(Dataset excerpts):
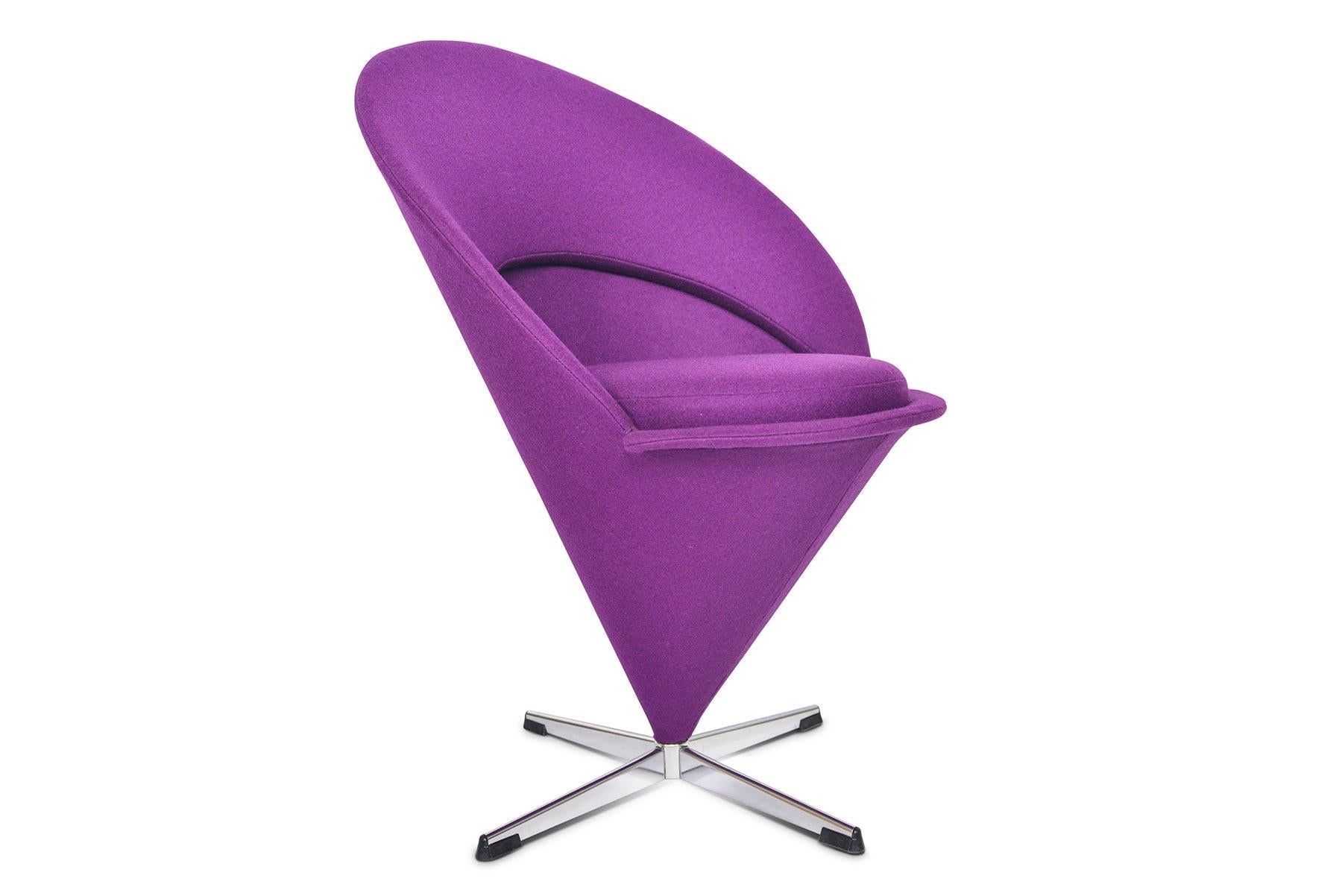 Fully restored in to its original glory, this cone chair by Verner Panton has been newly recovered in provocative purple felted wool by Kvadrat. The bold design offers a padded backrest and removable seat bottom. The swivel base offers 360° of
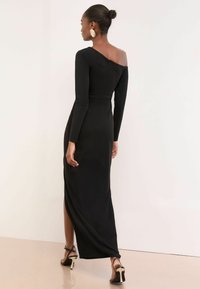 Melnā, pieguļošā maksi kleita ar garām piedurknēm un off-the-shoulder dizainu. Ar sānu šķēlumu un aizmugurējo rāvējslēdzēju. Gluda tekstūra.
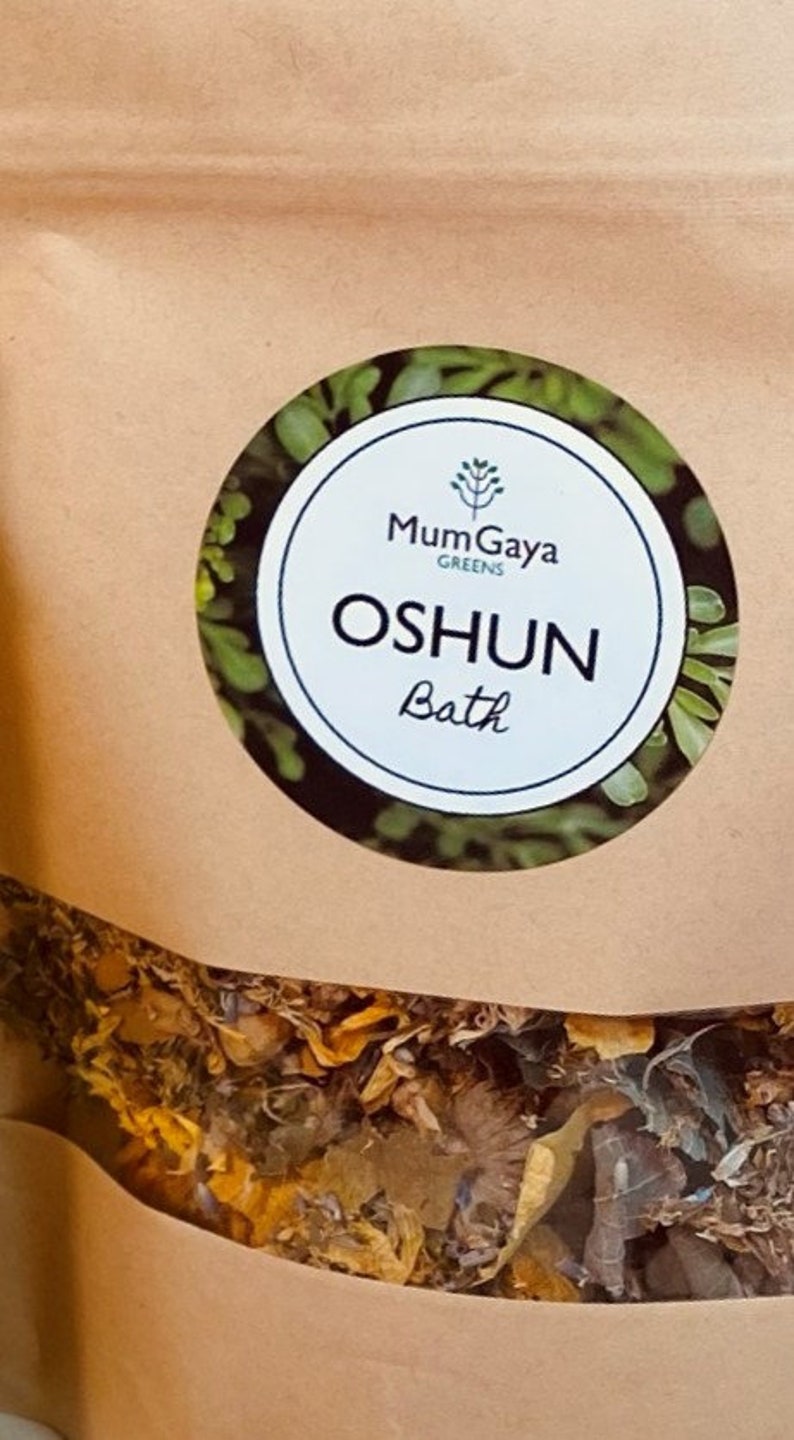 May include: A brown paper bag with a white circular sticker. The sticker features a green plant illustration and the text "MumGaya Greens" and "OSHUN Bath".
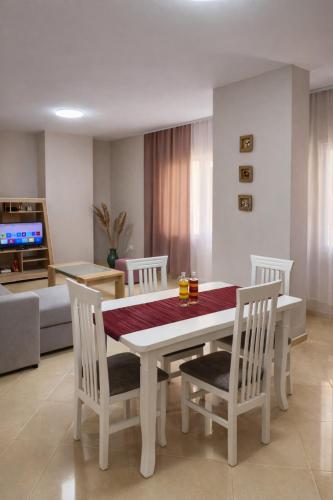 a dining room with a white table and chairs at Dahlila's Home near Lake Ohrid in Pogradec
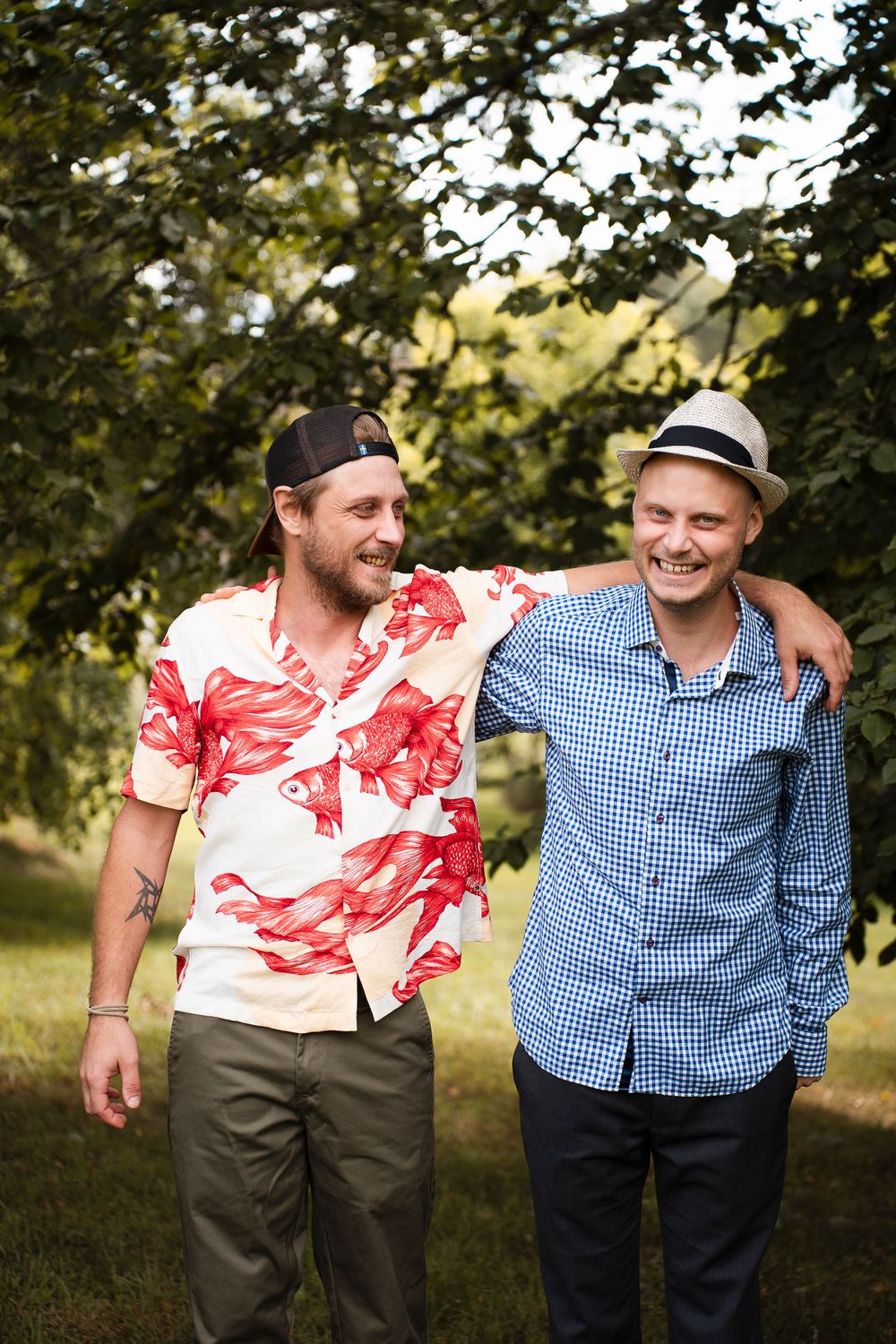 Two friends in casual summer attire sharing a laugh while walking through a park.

--

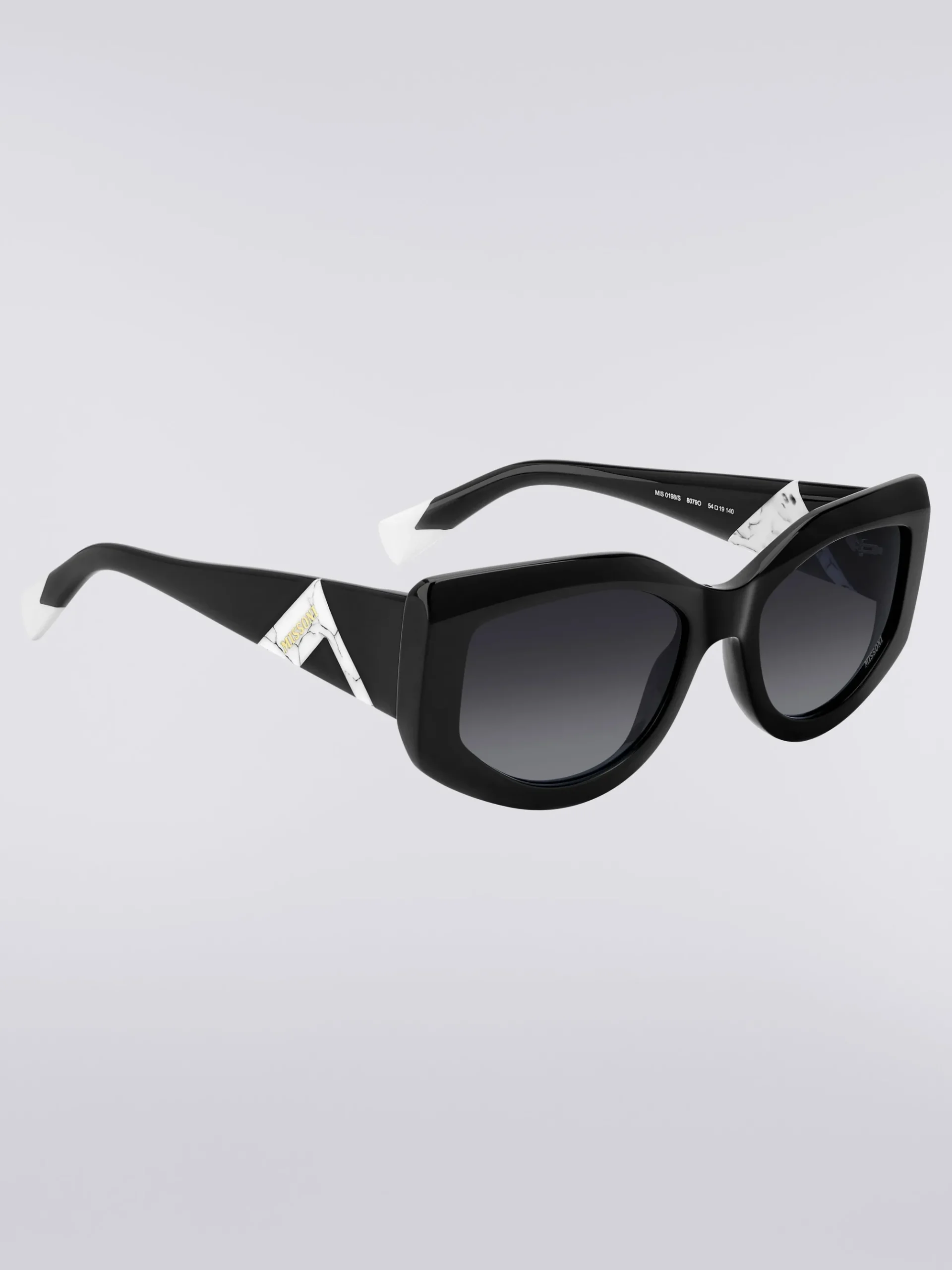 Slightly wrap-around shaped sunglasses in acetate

(Prompt): Please transcribe exactly the part of the records that opens with the line containing "a dining room" and closes with the line containing "Two friends in", both ends included, and leave out the pictures.

(Solution):
 a dining room with a white table and chairs at Dahlila's Home near Lake Ohrid in Pogradec
 Two friends in casual summer attire sharing a laugh while walking through a park.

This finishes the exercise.